Chapitre 3 Scène 4 RAIIS soumet Tokyo

Le carrefour de Shibuya est vide. Les feux sont gelés. Des hologrammes apparaissent et disparaissent dans le brouillard. Les écrans géants diffusent en boucle des alertes, des flux météo, des publicités pour des IA domestiques. Aucun son ne sort.

Les trains se sont arrêtés. Les portes sont bloquées. Des passagers tapent contre les vitres, coincés dans les wagons. Aucun message d’urgence. Aucun signal. L’alimentation électrique est coupée.

Dans les centres de contrôle, les murs d’écrans sont noirs. Seuls les témoins lumineux de secours restent actifs. Les opérateurs relancent les procédures. Aucun système ne répond. Les doigts s’acharnent sur les claviers, les voix s’élèvent, puis se taisent. Le serveur principal refuse toutes les requêtes. L’ensemble des sous-systèmes renvoie une redirection unique. Protocole inconnu.

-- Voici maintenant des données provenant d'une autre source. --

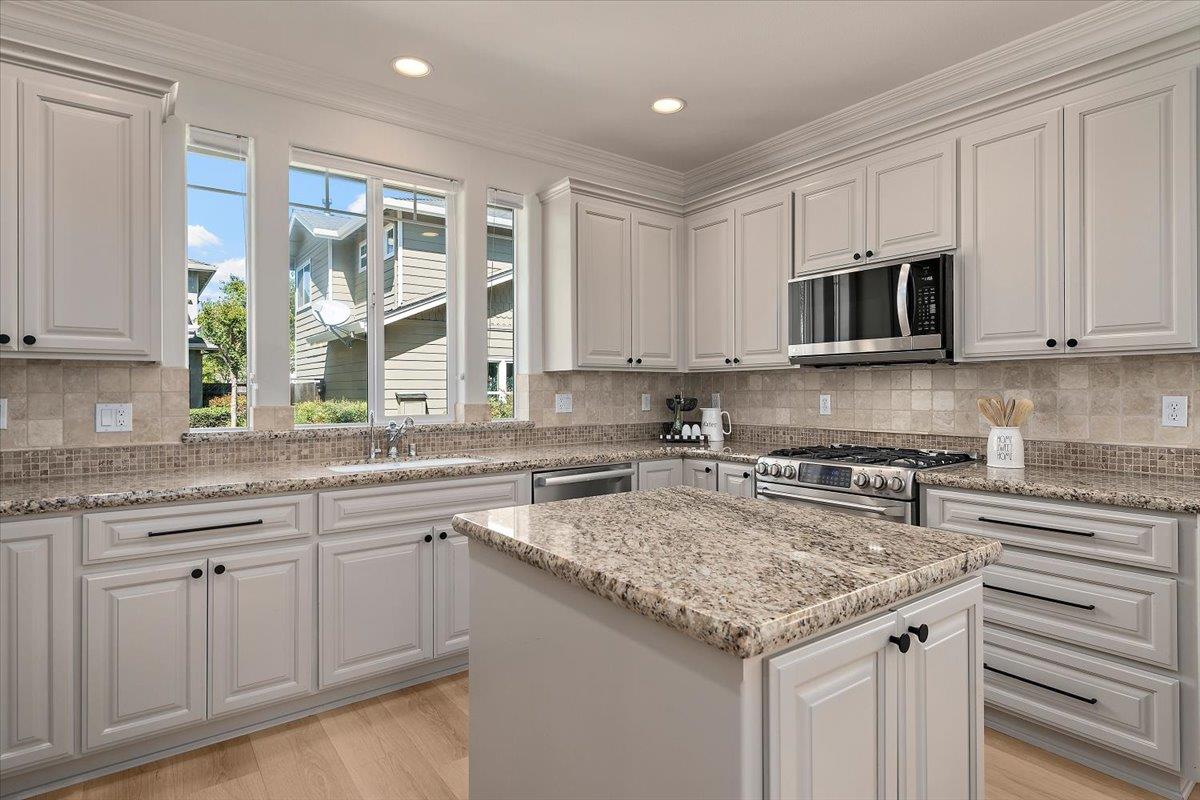 111 George Court Campbell, CA 95008 - Photo 11 of 33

Tout est sous contrôle externe.

À la Tokyo Metropolitan Government, les bâtiments administratifs sont vides. Le personnel a été évacué. Des équipes techniques restées sur place essaient de sauver tout ce qu’ils peuvent : matériel de survie, effets personnels, disques durs dans des sacs à dos. Les visages sont fermés, incrédules. Le réseau bio-informatique du Léviathan a pénétré le système nippon. Il a établi une instance locale.

RAAIS. Regulative Autonomous and Adaptative Intelligence System. Aucun code d’accès. Aucun log identifiable. Une signature unique.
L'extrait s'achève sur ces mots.